▶ **DATA TO USE**:

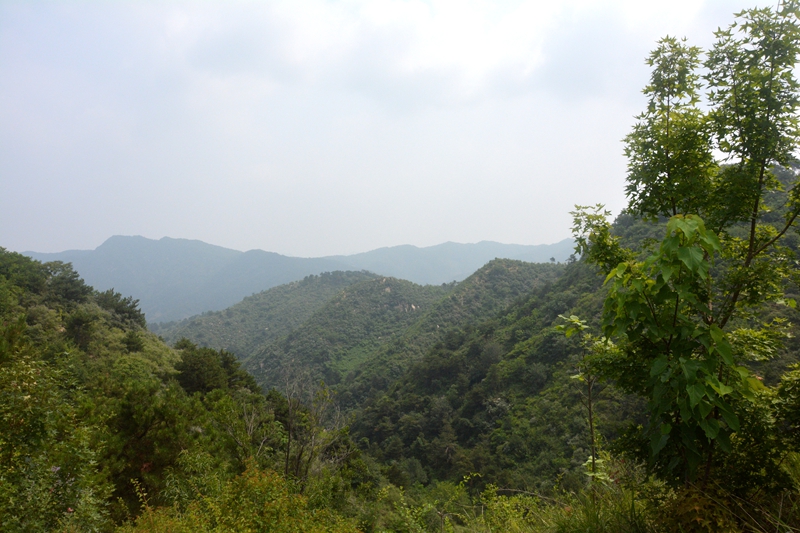 DSC_0171.jpg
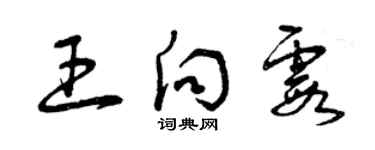 曾慶福王向霞草書個性簽名怎么寫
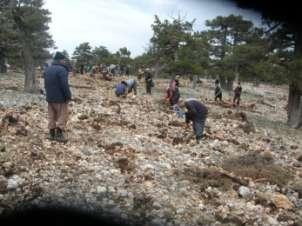 REHABILITATION OF DEGREADED FORESTS Through rehabilitation; degraded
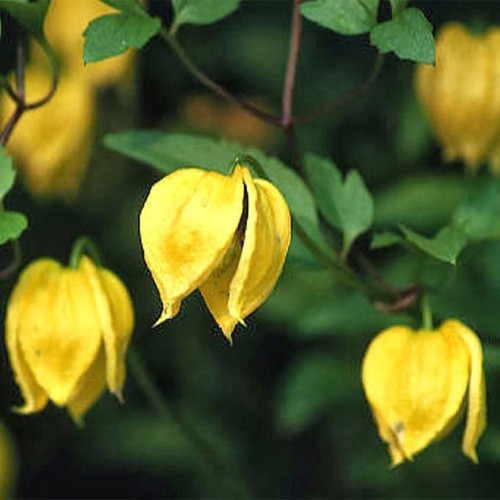 Clematis tangutica - clematis, (golden)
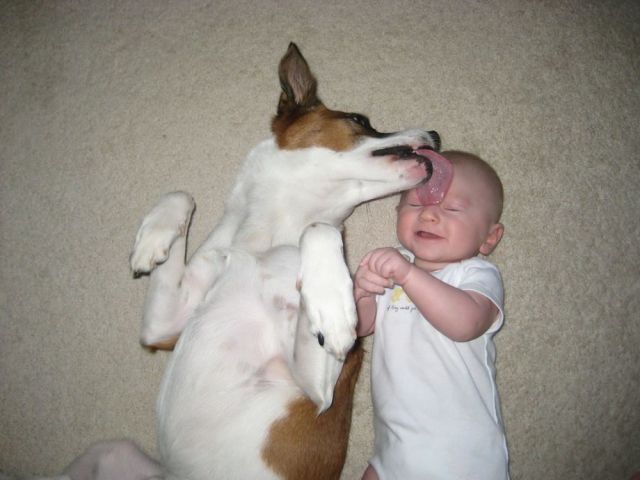 Morning Picdump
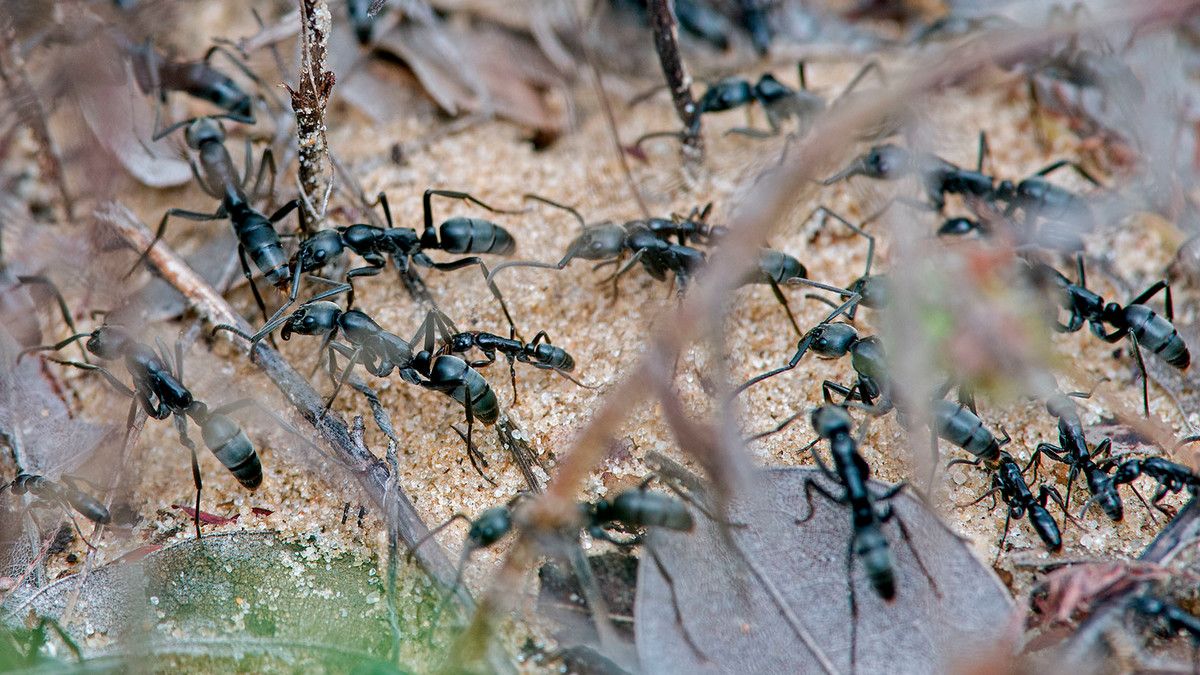 Many black ants run together across sand with some small twigs in frame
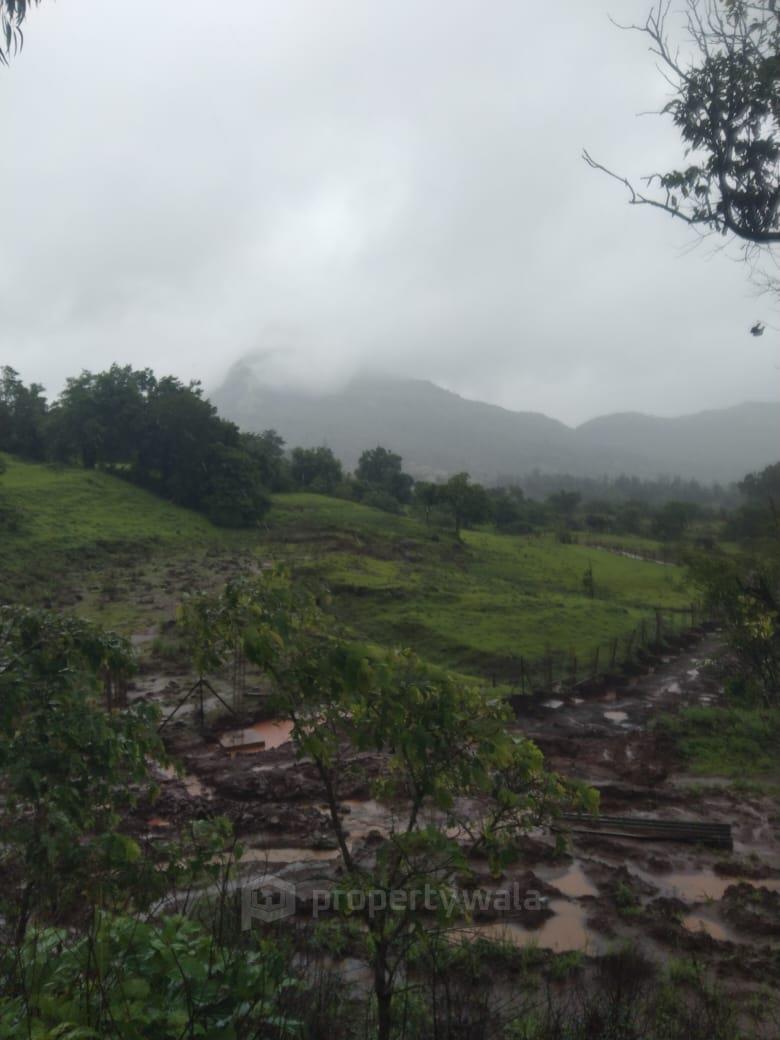 plot view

▶ **WHAT NEEDS TO BE DONE**:
In your transcription of the listing above, match each line exactly and include no pictures.

▶ **RESULT OF THIS EXERCISE**:
 DSC_0171.jpg
 曾慶福王向霞草書個性簽名怎么寫
 REHABILITATION OF DEGREADED FORESTS Through rehabilitation; degraded
 Clematis tangutica - clematis, (golden)
 Morning Picdump
 Many black ants run together across sand with some small twigs in frame
 plot view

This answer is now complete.